Well folks, it has finally come to and end. Or at least it looks that way. Via went on strike and then quickly resolved their issues while Toronto Outdoor and Indoor workers took a lot longer to come up with an agreement. Although news outlets reported yesterday that the strike was over, if you looked around the streets today, it doesn’t appear that way at all. Even the mayor is telling you to hold off on your garbage a few more days and to not send your kids back as of yet. They say it may take until the weekend to get everything back to normal. As enraged as I was this morning walking down to get my morning coffee from starbucks (yes, im a sucker) and finding garbage still all over the streets and smelling terribly, this article helped me to get a little perspective on why we aren’t back to normal even though an agreement has been reached
Most services unlikely to start up again before this weekend at the earliestJul 28, 2009 04:30 AM
Don’t put your garbage out on the curb just yet. And don’t even think about shipping the kids back to daycare this week.
Despite tentative agreements forged yesterday between the city and its striking workers, most municipal services are unlikely to resume until the weekend at the earliest. The city won’t release plans until after the deals are ratified.
Members of CUPE Local 416 and Local 79 will vote on their agreements tomorrow.

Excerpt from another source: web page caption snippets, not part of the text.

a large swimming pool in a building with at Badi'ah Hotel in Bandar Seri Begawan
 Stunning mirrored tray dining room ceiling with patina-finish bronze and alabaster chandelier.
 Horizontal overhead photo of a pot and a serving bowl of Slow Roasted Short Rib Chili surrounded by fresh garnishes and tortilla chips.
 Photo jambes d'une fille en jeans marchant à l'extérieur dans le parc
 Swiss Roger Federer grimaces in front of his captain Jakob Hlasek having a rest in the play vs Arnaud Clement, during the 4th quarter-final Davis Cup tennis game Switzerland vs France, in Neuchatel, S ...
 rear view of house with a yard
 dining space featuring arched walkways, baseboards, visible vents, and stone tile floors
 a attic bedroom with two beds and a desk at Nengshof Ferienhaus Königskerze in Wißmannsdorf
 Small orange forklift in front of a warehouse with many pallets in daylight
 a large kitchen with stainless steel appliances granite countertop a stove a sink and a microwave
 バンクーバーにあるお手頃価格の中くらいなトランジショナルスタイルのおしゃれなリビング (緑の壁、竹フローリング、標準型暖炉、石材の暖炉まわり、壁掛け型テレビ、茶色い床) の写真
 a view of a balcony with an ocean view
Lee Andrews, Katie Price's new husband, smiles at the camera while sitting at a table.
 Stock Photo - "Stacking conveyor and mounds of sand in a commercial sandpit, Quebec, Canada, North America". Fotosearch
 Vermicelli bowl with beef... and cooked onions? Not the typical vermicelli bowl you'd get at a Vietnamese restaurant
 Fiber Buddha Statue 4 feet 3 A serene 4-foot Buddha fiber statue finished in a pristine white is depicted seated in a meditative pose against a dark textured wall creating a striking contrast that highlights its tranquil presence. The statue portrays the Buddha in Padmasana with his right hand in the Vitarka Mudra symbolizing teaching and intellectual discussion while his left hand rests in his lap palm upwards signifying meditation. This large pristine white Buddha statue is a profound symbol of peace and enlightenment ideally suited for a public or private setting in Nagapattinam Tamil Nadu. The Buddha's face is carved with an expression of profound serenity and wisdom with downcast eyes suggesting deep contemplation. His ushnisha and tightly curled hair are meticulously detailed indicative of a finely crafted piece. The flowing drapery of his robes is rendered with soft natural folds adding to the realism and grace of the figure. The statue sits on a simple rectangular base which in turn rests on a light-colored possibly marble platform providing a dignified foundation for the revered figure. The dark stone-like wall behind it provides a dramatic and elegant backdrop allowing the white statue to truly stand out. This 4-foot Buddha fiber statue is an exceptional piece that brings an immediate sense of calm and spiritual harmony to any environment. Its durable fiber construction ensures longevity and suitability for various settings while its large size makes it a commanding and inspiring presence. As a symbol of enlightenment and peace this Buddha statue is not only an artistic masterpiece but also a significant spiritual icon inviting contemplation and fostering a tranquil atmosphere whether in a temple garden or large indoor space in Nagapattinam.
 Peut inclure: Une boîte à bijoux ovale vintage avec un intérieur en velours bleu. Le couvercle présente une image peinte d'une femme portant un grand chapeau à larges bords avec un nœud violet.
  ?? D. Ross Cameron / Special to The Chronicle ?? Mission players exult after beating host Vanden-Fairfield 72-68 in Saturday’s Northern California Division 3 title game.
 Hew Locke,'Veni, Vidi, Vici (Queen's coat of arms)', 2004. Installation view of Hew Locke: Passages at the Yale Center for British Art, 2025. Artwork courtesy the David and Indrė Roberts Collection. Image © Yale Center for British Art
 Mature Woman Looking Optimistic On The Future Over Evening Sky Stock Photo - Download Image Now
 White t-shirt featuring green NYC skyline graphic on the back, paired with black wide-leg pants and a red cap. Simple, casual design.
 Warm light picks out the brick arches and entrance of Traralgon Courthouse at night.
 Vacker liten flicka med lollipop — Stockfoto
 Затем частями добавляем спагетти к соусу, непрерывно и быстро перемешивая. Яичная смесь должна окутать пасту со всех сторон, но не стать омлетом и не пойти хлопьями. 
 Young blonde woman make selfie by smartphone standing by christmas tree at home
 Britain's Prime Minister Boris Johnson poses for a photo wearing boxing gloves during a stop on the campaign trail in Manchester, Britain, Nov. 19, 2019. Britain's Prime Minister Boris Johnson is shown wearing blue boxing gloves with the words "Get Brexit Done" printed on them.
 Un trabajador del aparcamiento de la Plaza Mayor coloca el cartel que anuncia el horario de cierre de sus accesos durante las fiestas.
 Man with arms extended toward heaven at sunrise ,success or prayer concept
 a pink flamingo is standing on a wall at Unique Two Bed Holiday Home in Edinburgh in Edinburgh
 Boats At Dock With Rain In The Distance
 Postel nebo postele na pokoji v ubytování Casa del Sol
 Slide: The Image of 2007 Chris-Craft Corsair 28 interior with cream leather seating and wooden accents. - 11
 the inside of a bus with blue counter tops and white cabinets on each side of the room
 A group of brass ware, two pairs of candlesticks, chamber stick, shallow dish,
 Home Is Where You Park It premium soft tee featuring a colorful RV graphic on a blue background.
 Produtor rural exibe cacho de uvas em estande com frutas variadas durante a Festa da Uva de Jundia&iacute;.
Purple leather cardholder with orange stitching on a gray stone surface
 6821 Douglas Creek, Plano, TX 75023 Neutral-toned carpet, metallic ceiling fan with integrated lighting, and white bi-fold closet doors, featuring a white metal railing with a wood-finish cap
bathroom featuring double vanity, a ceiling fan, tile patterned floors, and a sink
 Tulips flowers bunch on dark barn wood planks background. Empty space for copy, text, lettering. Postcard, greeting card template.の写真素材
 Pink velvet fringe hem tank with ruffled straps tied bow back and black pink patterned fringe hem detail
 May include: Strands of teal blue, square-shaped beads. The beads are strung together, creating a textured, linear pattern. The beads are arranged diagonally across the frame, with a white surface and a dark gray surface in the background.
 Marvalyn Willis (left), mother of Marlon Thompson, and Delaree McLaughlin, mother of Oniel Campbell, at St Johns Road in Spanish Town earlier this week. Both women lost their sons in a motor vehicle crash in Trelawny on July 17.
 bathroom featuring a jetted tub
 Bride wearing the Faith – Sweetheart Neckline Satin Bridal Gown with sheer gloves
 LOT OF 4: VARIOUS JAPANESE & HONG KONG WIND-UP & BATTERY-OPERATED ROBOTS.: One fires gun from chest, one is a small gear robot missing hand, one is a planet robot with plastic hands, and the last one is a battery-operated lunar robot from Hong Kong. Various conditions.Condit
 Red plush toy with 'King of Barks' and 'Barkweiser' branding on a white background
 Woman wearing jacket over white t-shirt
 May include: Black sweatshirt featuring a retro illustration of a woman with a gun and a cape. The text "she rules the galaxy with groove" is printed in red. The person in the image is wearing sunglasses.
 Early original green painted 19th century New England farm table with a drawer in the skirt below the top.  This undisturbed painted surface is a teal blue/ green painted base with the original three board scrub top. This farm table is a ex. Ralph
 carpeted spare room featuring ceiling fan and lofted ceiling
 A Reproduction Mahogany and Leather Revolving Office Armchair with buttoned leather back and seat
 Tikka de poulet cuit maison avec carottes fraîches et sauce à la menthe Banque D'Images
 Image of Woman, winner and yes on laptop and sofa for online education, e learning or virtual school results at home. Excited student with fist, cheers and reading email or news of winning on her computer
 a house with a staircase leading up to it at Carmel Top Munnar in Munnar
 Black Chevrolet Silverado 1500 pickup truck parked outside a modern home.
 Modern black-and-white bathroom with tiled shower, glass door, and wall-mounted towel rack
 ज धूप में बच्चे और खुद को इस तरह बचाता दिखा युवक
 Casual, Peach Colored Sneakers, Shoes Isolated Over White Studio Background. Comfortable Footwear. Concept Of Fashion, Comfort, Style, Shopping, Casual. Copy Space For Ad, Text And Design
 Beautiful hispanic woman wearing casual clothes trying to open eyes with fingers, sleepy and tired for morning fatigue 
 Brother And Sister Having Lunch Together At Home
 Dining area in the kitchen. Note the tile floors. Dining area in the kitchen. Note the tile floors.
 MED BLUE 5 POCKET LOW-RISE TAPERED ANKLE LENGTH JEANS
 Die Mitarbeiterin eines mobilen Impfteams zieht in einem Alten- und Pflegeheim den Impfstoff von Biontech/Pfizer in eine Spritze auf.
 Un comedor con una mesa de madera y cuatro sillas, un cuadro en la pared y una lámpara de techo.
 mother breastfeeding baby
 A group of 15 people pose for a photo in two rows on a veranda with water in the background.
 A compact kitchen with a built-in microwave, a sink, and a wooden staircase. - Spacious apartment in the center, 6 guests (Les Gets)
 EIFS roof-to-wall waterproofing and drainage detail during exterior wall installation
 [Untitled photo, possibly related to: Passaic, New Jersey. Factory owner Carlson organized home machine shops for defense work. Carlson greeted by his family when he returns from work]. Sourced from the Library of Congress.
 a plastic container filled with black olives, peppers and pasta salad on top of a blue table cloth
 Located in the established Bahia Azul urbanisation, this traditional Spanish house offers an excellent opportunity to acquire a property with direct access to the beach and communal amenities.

Should they vote to ratify, city council will hold its own ratification vote Friday.
“It will take several days in many operations and program areas before the city can offer full service to residents and businesses,” city officials said in a news release. “For example, swimming pools must be cleaned and refilled, child-care centres must be reopened, cleaned and stocked with food, parks need maintenance and grass cutting, licence renewals and inspection applications must be processed, and many other matters must be addressed.”
City manager Joe Pennachetti said the city will provide “pages” of service resumption plans to the media and on the city’s website once the agreements are ratified.
Windsor’s 101-day strike ended Friday. Yesterday, community centres there opened their doors and garbage pickup began. Municipal pools and camps, however, were not expected to reopen before next week.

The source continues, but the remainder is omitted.